Second Quarter highlights included:
-
Metallurgical coal sales of 72,000 tons at an average
realized price of $152 per ton in Q2
-
$25 million debt refinancing
-
Casselman Mine upgraded to proven reserve
Refer to the Condensed Interim Consolidated Financial
Statements and Management's Discussion and Analysis filed for
the details of the financial performance of the Company and
the matters referred to in this release including the
technical reports and independent qualified person.
Don Charter, President and Chief Executive Officer, stated
"It is a challenging time in the coal industry and while the
industry slowdown has affected us like everyone else, we were
able to ship approximately 72,000 tons of met coal in the
second quarter at an average realized price of $152 a ton,
exceeding our guidance and we have been able to provide
guidance for Q3 of approximately 140,000 tons."
Production and Sales
Three months ended May 31, 2012
The Company sold 72,000 clean tons of metallurgical coal at
an average realized price of $152 per ton FOB its Coal
Preparation Plant during Q2 2012.
The Company produced 74,000 raw tons of metallurgical coal
during Q2 2012 with 38,000 tons from surface mines and 36,000
from its underground mine. The cash mining costs of
metallurgical coal produced (not including royalties) were
$62 per raw ton. The costs continue to be impacted by mining
conditions at the Casselman Mine (see "Casselman Mine"). The
Company purchased 26,000 raw tons and 1,000 clean tons of
metallurgical coal in Q2 2012.
The Coal Preparation Plant processed 114,000 raw tons of
metallurgical coal and produced 66,000 clean tons during Q2
2012 at cash processing costs of $23 per clean ton.
Cash costs were impacted by lower production levels resulting
from lower than expected sales, double handling of raw coal
while the raw coal storage area was expanded, now completed
and operational. As well start-up costs of the Company's
refuse site, which is now operational eliminating third party
refuse handling, and lower recovery levels as a result of
high dilution experienced from the Casselman Mine and
floatation column performance also contributed to higher
costs.
The Company sold 38,000 raw tons of thermal coal at an
average realized price of $33 per ton during the three months
ended May 31, 2012. The Company produced 38,000 raw tons of
thermal coal from its surface mines in the Q2 2012. The cash
mining costs of thermal coal produced (not including
royalties) were $38 per raw ton. The thermal coal mined is
ancillary to the mining of metallurgical coal.
Six months ended May 31, 2012
The Company sold 137,000 clean tons of metallurgical coal at
an average realized price of $155 per ton FOB the Coal
Preparation Plant during the six months ended May 31, 2012.
The Company produced 155,000 raw tons of metallurgical coal
during the six months ended May 31, 2012 with 77,000 tons
from surface mines and 78,000 from its underground mine. The
cash mining costs of metallurgical coal produced (not
including royalties) were $61 per raw ton.
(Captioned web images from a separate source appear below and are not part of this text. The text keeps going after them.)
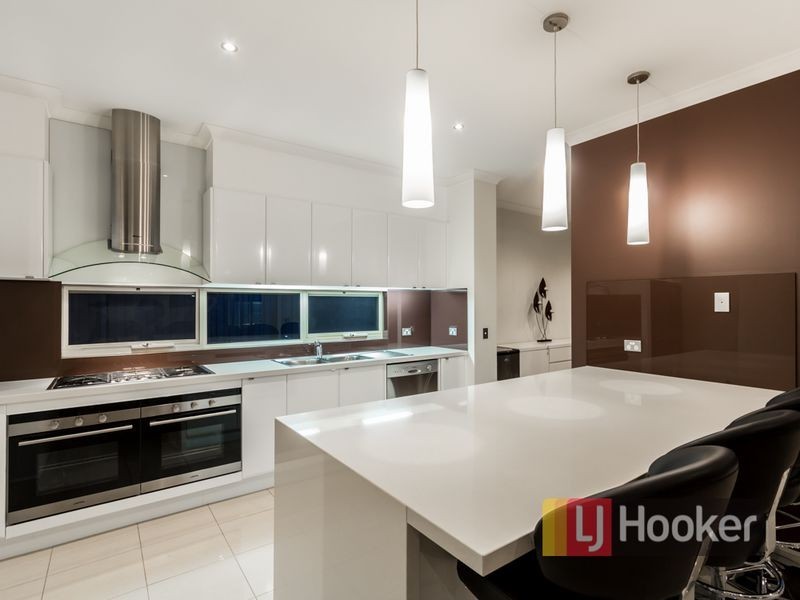 15 Sierra Boulevard, Cranbourne North VIC 3977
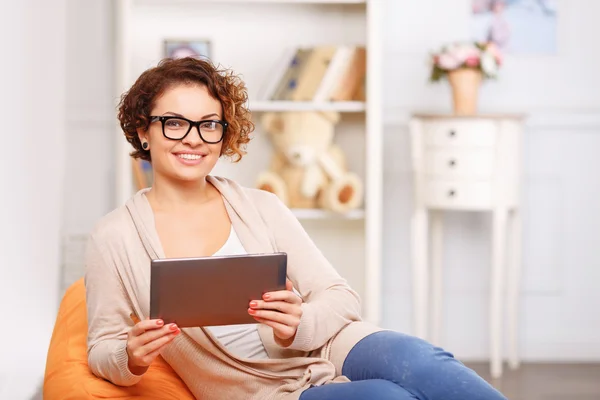 Leuk meisje rusten in arm stoel — Stockfoto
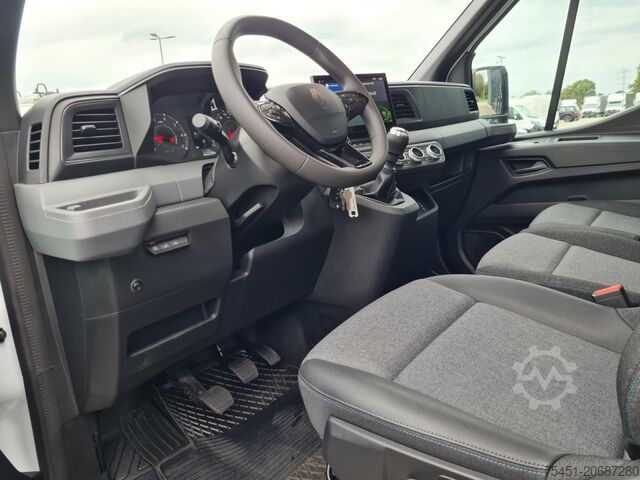 Car carrier van Renault Master 35 Autotransporter SEILW. AHK Automatik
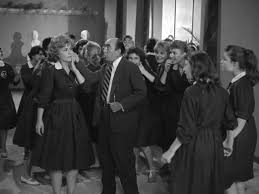 Το ξύλο βγήκε από τον παράδεισο. To 3ylo Bghke Ap Ton Paradeiso Klasikh Ellhnikh Tainia Tainies Ellhnikoy Kinhmatografoy Classic Greek Cinema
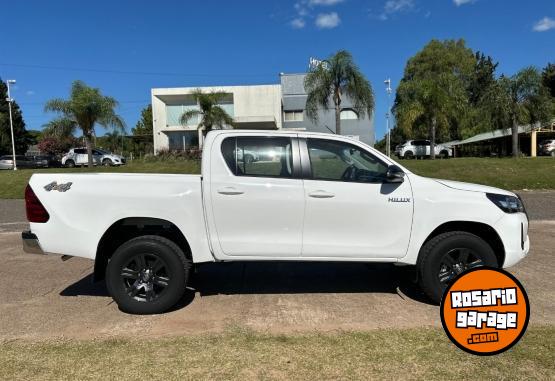 Camionetas - Toyota HILUX 2.8 SR MT 2024 Diesel 0Km - En Venta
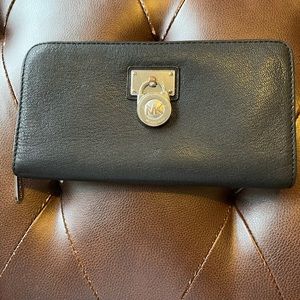 Michael Kors wallet black genuine leather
The costs were
impacted by mining conditions at the Casselman Mine (see
"Mine Production"). The Company purchased 82,000 raw tons and
8,000 clean tons of metallurgical coal during the period.
The Coal Preparation Plant processed 229,000 raw tons of
metallurgical coal and produced 124,000 clean tons during the
six months ended May 31, 2012 at cash processing costs of $24
per clean ton. Cash cost were impacted by lower
production levels resulting from lower than expected sales,
double handling of raw coal while the raw coal storage area
was expanded, now completed and operational. As well
start-up costs of the Company's refuse site, which is now
operational eliminating third party refuse handling, and
lower recovery levels as a result of high dilution
experienced from the Casselman Mine and flotation column
performance also contributed to higher costs.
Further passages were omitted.